As an HR leader, your influence is often directly tied to your relationships with key business heads. But the most pivotal connection for me wasn't with the CEO or a divisional president; it was with the head of Financial Planning & Analysis (FP&A). Most people in HR view the finance team as a roadblock—the department of "no" that scrutinizes every budget request. This perception creates an adversarial dynamic where HR brings ideas and Finance brings skepticism. I realized early on that if I couldn't speak their language and frame people initiatives as sound financial investments, I would always be seen as a cost center, not a strategic partner. Instead of fighting this reality, I embraced it. I began meeting with our FP&A lead, not to ask for anything, but to learn. I'd ask her to walk me through the company's financial models and show me how headcount and attrition impacted the bottom line. I started bringing her problems, not solutions. Instead of saying, "I need a budget for a new manager training program," I'd say, "Our mid-level turnover is costing us X in recruiting fees and lost productivity. How would you think about modeling the ROI of an initiative to fix that?" By inviting her into the problem-solving process early, she became a co-author of the solution, not a critic of it. I remember we were struggling with high attrition among our junior sales team. Instead of building a big presentation on engagement, I first sat down with my finance partner. Together, we built a simple model showing the cost of replacing a salesperson, including the six-month ramp-up time where they weren't hitting quota. When we finally presented our proposal for a revised onboarding and coaching program, she was the one who explained the financial case for it. The conversation in the room shifted from "can we afford this?" to "can we afford *not* to do this?" True influence isn't just about getting your ideas approved; it's about reframing the conversation so the right idea becomes the obvious choice.

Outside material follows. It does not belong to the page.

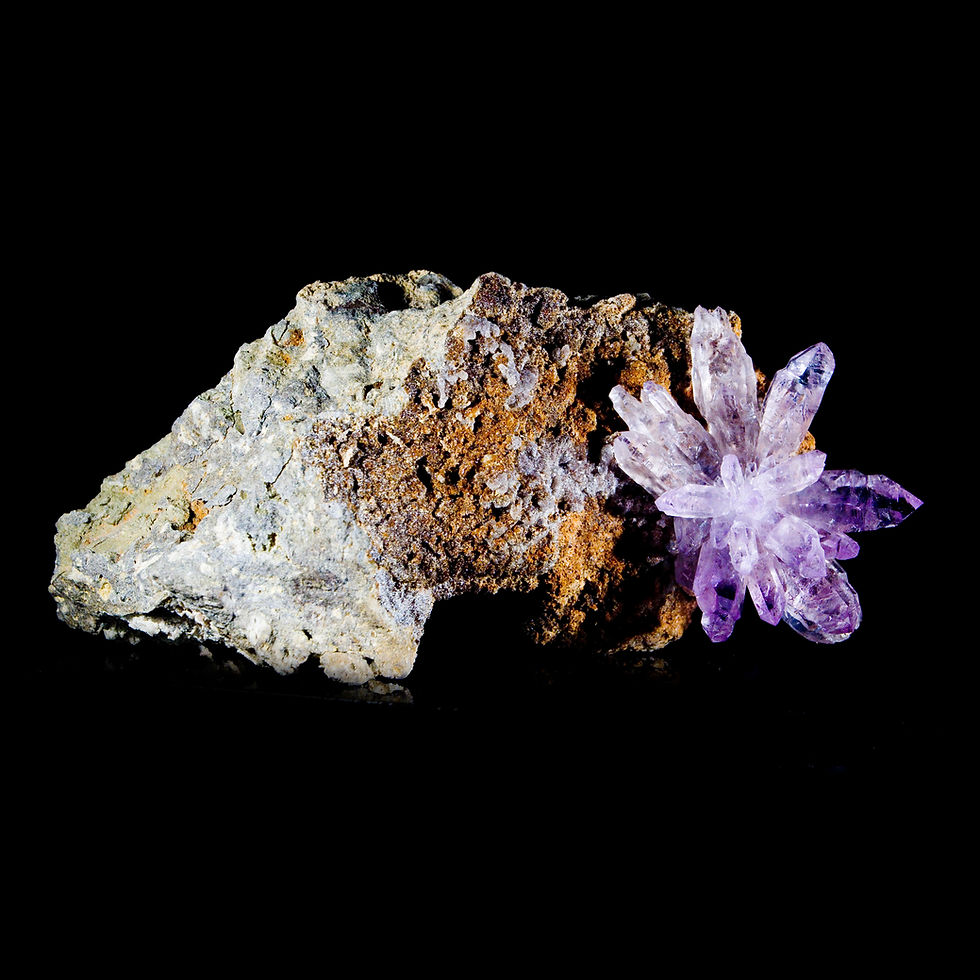 Thumbnail: Amethyst Flower on Matrix - Vera Cruz, Mexico - Studio Mineralia Earth Art Gallery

Building a strong working relationship with our CTO strengthened my leadership as an HR executive significantly through alignment of people strategy and technology priority. Together, we crafted a shared talent acquisition and internal mobility model that facilitated speedy scaling without sacrificing culture. I built the relationship through regular and transparent communication and through the demonstration of how HR metrics could translate directly to product velocity and innovation outcomes.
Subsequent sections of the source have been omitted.